Wie moet de overige andere aandeelhouders oproepen?

De OK heeft vervolgens beslist dat Fortbet – en niet verweerders – de overige andere aandeelhouders dient op te roepen op de voet van art. 118 Rv. Dit oordeel blijft niet overeind.

De Hoge Raad stelt daartoe het volgende voorop (onder verwijzing naar zijn uitspraak van 10 maart 2017, ECLI:NL:HR:2017:411, besproken in CB 2017-92). Laat degene die een beslissing wil uitlokken over een processueel ondeelbare rechtsverhouding na om alle bij de rechtsverhouding betrokken partijen in het geding te roepen, dan dient de rechter, naar aanleiding van een daarop gericht verweer dan wel ambtshalve, gelegenheid te geven om de niet opgeroepen personen alsnog als partij in het geding te betrekken door oproeping op de voet van art. 118 Rv binnen een daartoe door de rechter te stellen termijn.

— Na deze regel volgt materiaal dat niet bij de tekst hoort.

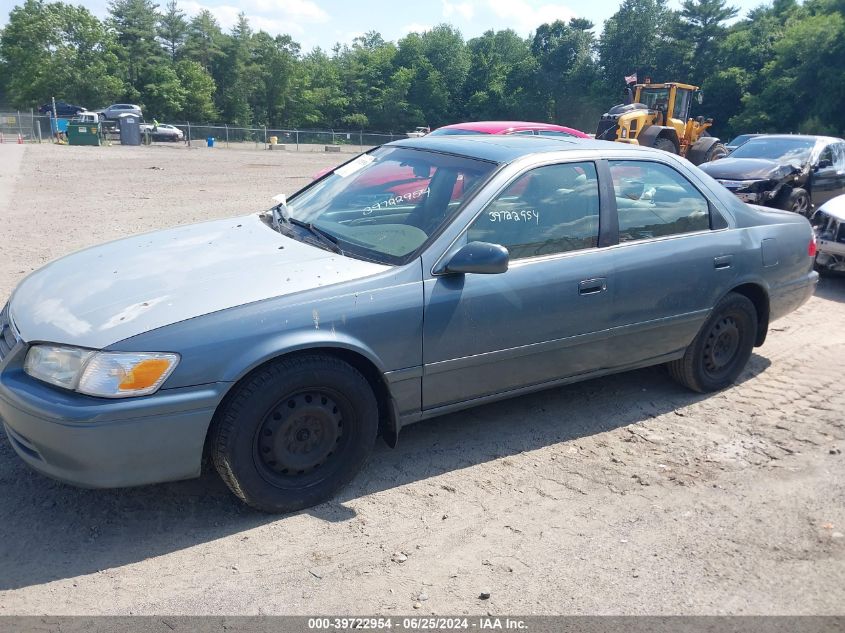 2000 Toyota Camry Le VIN: JT2BG22K0Y0435796 Lot: 39722954
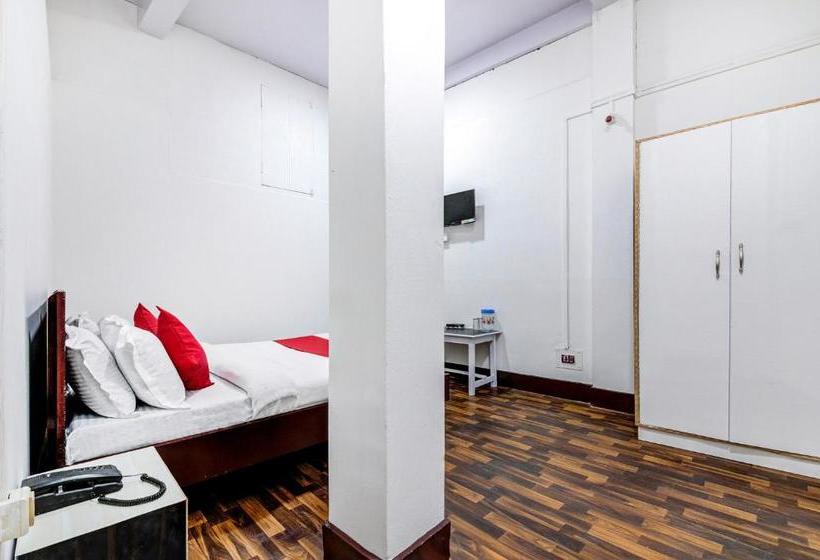 בית מלון כפרי Oyo 14090 Fine Stay Guest House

De Hoge Raad overweegt dat verweerders dienen te worden beschouwd als degenen die in de verzetprocedure een beslissing willen uitlokken over de processueel ondeelbare rechtsverhouding. Nu zij hebben nagelaten om alle bij de rechtsverhouding betrokken partijen in het geding te roepen, had de OK aan hen – en niet aan Fortbet – moeten opdragen de gezamenlijke andere aandeelhouders in het geding op te roepen, aldus de Hoge Raad. In zoverre kan het arrest niet in stand blijven.

De Hoge Raad vernietigt. Deze afdoening is conform de conclusie van A-G Wissink.